**WHAT TO PRODUCE:**
Look through the entries for the line containing "Thumbnail 3 in". Then output that line and every line after it, exactly, to the end.

(Stored entries)
──────────────────────────────

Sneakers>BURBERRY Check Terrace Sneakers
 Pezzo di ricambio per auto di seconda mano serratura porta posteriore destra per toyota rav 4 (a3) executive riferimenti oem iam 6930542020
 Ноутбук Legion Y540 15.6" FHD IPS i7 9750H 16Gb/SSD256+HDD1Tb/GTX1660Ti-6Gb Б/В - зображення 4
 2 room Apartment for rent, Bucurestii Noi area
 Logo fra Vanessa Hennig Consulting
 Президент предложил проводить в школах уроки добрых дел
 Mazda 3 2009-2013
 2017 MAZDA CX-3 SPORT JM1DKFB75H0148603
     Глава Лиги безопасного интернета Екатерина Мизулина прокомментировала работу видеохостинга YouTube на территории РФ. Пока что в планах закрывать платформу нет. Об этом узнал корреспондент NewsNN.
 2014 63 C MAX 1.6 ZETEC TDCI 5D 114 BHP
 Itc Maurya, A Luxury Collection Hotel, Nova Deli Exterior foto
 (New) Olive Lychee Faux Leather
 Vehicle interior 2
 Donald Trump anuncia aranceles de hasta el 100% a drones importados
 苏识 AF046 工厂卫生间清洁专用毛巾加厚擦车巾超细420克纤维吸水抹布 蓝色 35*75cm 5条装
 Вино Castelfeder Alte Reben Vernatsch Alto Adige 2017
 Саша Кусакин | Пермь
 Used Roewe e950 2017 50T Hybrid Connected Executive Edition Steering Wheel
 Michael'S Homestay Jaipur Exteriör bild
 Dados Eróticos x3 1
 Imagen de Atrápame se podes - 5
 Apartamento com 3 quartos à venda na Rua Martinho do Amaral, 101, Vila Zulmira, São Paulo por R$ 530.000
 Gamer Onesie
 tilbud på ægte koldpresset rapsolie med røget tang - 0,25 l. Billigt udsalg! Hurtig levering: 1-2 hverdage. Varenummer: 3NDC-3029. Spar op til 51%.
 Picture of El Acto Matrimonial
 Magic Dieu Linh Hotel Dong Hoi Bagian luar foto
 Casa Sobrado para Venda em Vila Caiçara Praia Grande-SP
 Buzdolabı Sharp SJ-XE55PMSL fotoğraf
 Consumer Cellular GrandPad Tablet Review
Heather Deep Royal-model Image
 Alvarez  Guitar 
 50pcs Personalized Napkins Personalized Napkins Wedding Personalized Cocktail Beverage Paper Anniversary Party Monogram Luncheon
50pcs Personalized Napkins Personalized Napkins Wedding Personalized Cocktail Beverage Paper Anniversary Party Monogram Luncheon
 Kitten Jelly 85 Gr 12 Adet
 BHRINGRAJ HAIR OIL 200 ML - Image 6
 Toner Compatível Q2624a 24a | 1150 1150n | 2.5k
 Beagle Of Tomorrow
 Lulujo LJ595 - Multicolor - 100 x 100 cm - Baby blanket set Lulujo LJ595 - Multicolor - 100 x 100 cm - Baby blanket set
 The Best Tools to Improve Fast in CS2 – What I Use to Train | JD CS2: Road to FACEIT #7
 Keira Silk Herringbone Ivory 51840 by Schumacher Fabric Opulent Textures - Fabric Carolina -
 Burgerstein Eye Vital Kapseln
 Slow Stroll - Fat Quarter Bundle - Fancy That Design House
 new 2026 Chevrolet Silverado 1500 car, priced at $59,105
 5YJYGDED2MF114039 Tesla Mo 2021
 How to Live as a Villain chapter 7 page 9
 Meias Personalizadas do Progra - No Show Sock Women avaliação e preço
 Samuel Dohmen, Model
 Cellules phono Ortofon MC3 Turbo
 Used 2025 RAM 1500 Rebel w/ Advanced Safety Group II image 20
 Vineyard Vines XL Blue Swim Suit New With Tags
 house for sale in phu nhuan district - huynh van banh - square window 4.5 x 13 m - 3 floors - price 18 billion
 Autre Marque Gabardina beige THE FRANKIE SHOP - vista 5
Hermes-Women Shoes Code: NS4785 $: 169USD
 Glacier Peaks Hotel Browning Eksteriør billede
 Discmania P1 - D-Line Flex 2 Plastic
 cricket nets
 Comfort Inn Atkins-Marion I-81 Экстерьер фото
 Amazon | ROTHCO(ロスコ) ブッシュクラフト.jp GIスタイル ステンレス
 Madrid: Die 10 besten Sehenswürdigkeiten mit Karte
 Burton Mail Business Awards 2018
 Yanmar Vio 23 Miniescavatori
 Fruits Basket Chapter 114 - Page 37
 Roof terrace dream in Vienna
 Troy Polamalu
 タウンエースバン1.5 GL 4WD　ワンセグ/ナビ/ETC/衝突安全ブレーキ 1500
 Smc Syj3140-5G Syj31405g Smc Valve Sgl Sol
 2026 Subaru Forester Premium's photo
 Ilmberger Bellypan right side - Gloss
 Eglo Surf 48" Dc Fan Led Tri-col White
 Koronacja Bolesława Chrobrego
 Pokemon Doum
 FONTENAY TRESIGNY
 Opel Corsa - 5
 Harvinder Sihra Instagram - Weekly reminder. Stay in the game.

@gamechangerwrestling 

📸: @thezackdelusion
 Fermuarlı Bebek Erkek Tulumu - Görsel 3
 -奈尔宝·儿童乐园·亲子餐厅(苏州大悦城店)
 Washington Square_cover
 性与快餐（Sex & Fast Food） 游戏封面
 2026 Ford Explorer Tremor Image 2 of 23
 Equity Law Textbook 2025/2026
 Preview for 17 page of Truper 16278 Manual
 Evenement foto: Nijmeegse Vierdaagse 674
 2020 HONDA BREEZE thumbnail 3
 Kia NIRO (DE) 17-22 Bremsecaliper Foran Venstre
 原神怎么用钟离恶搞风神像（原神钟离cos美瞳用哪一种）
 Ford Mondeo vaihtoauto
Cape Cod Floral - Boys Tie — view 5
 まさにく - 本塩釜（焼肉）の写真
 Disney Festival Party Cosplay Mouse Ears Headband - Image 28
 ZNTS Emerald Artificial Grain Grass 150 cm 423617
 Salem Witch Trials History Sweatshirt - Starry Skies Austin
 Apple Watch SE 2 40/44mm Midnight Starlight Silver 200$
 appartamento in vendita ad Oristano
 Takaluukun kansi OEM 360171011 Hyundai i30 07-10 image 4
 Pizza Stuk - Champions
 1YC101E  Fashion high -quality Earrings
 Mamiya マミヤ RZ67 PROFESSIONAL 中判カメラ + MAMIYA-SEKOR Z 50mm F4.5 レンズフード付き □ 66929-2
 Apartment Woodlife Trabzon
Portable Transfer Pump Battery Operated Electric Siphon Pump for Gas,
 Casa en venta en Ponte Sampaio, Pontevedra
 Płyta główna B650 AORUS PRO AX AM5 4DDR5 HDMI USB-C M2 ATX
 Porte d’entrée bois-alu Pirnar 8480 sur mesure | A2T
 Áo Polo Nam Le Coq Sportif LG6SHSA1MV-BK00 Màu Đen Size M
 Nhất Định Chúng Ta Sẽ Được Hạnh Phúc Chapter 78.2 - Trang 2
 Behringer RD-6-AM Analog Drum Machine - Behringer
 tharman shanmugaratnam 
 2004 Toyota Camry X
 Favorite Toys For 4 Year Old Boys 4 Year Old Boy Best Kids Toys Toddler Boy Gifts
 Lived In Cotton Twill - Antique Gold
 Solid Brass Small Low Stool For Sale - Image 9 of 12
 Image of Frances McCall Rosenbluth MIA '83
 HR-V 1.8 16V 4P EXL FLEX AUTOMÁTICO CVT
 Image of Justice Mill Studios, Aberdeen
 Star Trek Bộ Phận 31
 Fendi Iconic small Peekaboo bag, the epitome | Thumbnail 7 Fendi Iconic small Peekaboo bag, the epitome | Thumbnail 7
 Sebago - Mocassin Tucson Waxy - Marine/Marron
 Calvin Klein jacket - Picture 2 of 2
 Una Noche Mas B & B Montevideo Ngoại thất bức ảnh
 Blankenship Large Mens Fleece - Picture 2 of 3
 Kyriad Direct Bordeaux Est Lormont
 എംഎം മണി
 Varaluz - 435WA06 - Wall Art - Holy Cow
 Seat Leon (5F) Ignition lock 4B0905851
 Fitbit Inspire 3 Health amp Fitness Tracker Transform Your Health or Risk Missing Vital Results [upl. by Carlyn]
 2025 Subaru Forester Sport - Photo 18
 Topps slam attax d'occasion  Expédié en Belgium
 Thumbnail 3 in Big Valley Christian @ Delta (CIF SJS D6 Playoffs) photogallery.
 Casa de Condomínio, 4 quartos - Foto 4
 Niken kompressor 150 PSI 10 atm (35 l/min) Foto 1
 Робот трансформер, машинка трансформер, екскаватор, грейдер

──────────────────────────────

**ANSWER TO THIS TASK:**
 Thumbnail 3 in Big Valley Christian @ Delta (CIF SJS D6 Playoffs) photogallery.
 Casa de Condomínio, 4 quartos - Foto 4
 Niken kompressor 150 PSI 10 atm (35 l/min) Foto 1
 Робот трансформер, машинка трансформер, екскаватор, грейдер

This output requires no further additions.